Parameter-efficient Bayesian Neural Networks for Uncertainty-aware Depth Estimation
This work addresses uncertainty-aware depth estimation for safety-critical applications, but it is incremental as it adapts existing methods to a specific domain.
The paper tackles the problem of enabling reliable predictive performance and uncertainty quantification in monocular depth estimation for safety-critical domains by combining parameter-efficient fine-tuning methods with Bayesian inference, resulting in more robust and reliable performance.
State-of-the-art computer vision tasks, like monocular depth estimation (MDE), rely heavily on large, modern Transformer-based architectures. However, their application in safety-critical domains demands reliable predictive performance and uncertainty quantification. While Bayesian neural networks provide a conceptually simple approach to serve those requirements, they suffer from the high dimensionality of the parameter space.

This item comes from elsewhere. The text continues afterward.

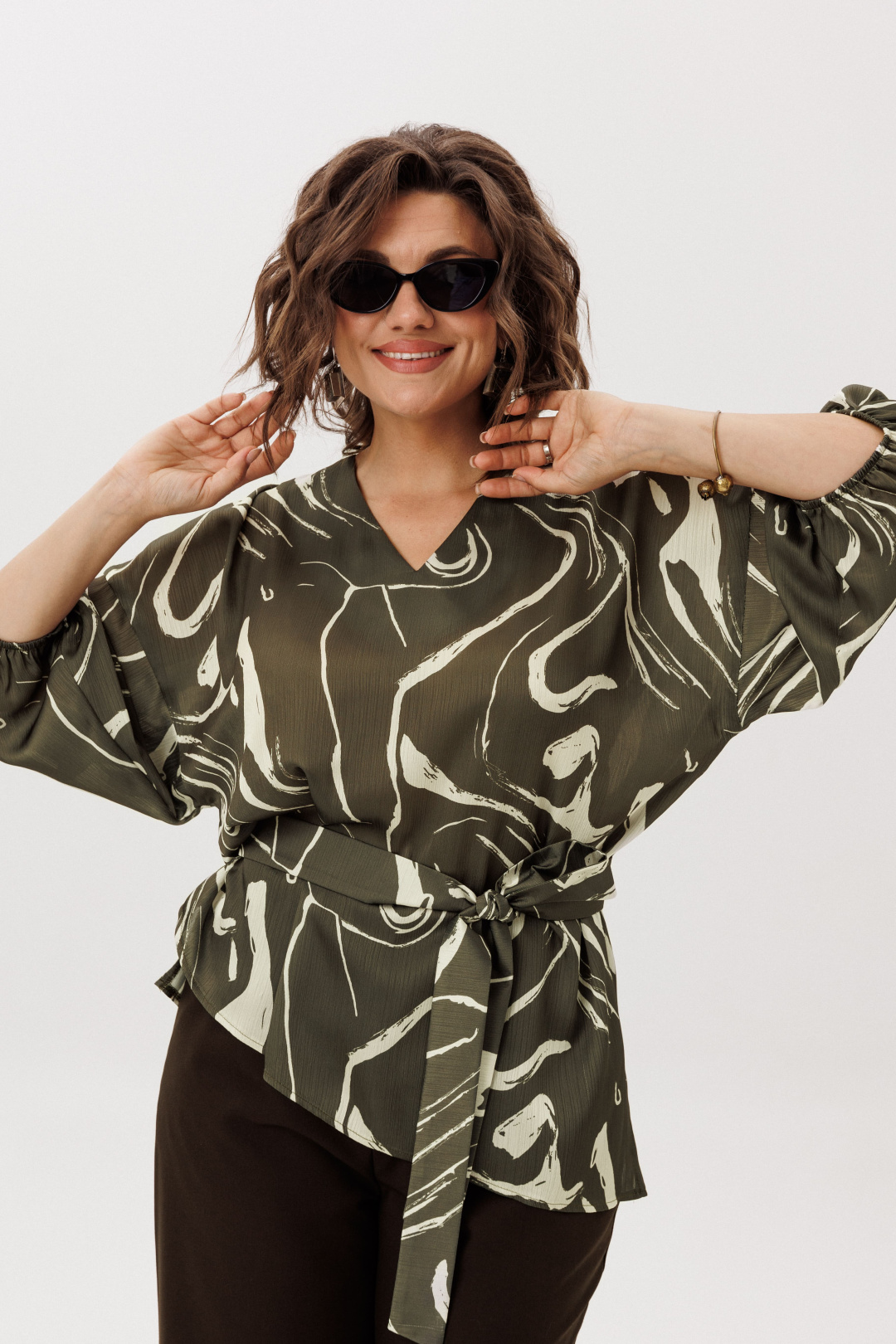 Блузка ANELLI LAUREL 1665 лесная осока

Parameter-efficient fine-tuning (PEFT) methods, in particular low-rank adaptations (LoRA), have emerged as a popular strategy for adapting large-scale models to down-stream tasks by performing parameter inference on lower-dimensional subspaces. In this work, we investigate the suitability of PEFT methods for subspace Bayesian inference in large-scale Transformer-based vision models. We show that, indeed, combining BitFit, DiffFit, LoRA, and CoLoRA, a novel LoRA-inspired PEFT method, with Bayesian inference enables more robust and reliable predictive performance in MDE.